The Rian Johnson-helmed Episode VIII opened with midnight Middle Kingdom screenings on Thursday and played its first full day today (Friday). The unofficial estimate there is about $8.5M-$9.6M with and without previews.
That portends a roughly $25M-$30M three-day, depending on the Sat/Sun play. And there’s not much space in the Middle Kingdom galaxy before Jumanji: Welcome To The Jungle swings in next Friday, meaning Jedi will come in well below both Star Wars: The Force Awakens ($124M final) and last year’s Rogue One: A Star Wars Story ($69.5M — both films at historical rates).
Before we get into what’s happening in the Middle Kingdom (see below), let’s look at what Thursday brought in the rest of the world.

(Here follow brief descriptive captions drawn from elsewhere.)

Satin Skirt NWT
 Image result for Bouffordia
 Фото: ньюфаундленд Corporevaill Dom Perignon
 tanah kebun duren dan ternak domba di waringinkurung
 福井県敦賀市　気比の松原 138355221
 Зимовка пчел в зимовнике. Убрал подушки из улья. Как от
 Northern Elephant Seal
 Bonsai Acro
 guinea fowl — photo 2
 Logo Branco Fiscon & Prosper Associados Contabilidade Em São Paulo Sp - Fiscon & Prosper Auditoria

TLJ made $14M globally, of which the overseas total was $9.7M for 14% of last weekend. In the UK, the Disney/Lucasfilm continuation of the sci-fi saga is now the No. 1 film of 2017 with £73.1M, spending 22 consecutive days at the top of the local chart. It is currently the No. 7 movie ever in the UK/Ireland. In U.S. dollars, it is approaching $100M.
Rounding out the Top 5 Jedi bases are still Germany ($68.2M), France ($53.7M), Japan ($49M) and Australia ($37.9M).
Now back to China. Facing facts: The Last Jedi was never going to be a slam dunk there. As we’ve reminded since The Force Awakens was setting up its Middle Kingdom bow in 2015, the country has a lack of familiarity with the franchise. That means there is essentially no nostalgia that comes close to what we see in other markets. And sci-fi as a whole is not the go-to genre.
Disney has done its level best to carve out a niche for Star Wars. In 2015 it put 500 Stormtroopers on the Great Wall in a widely-mediatized stunt and had Lu Han as the official ambassador. Last year’s Rogue One featured local mega-stars Jiang Wen and Donnie Yen in what felt like organic, rather than stunt, casting.
But there was little in the Last Jedi story to up the ante. We also hear that the important 2nd and 3rd tier cities are not responding. And, there’s a smash local comedy out that is dominating in its 2nd week.
Holding a splashy premiere at the Disney Shanghai Resort in December was a good move for Jedi and the film has been heavily marketed locally where the team worked hard to spread the word. Characters in the movie also have brief introductions with subtitles.
Does all this mean mean Disney should throw in the towel on China where Star Wars is concerned? Given the Jedi world and all it encompasses is already well-built, it’s hard to imagine how world-building with specific China appeal could be handled. Then again, Coco may have just turned around Pixar’s traditionally soft Middle Kingdom fortunes — we’ll know more when The Incredibles 2 bows there this year and see if that Disney brand’s appeal has been maintained.
It’s disappointing that Disney hasn’t been able to crack China on what is such a beloved — and debated — franchise in much of the rest of the world. But $1,122.4M global and counting is still nothing to shake a lightsaber at.